= Prompt =
Locate the line that contains "Figure 1 for". Print it and every subsequent line through the final line of the records, exactly and only those.

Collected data
▬▬▬

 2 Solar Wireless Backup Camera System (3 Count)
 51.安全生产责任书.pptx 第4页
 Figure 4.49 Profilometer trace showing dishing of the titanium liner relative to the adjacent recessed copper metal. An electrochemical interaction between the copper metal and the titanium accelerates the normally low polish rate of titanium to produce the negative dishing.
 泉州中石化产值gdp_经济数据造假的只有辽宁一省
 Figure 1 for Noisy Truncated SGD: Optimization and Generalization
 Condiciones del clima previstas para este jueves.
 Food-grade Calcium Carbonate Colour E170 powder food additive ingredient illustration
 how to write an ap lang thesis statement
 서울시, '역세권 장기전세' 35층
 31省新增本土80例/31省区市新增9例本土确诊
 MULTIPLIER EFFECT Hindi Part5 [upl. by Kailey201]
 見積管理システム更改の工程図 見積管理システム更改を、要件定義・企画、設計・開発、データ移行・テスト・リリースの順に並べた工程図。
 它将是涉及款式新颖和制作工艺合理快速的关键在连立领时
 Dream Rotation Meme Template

▬▬▬

= Response box =
 Figure 1 for Noisy Truncated SGD: Optimization and Generalization
 Condiciones del clima previstas para este jueves.
 Food-grade Calcium Carbonate Colour E170 powder food additive ingredient illustration
 how to write an ap lang thesis statement
 서울시, '역세권 장기전세' 35층
 31省新增本土80例/31省区市新增9例本土确诊
 MULTIPLIER EFFECT Hindi Part5 [upl. by Kailey201]
 見積管理システム更改の工程図 見積管理システム更改を、要件定義・企画、設計・開発、データ移行・テスト・リリースの順に並べた工程図。
 它将是涉及款式新颖和制作工艺合理快速的关键在连立领时
 Dream Rotation Meme Template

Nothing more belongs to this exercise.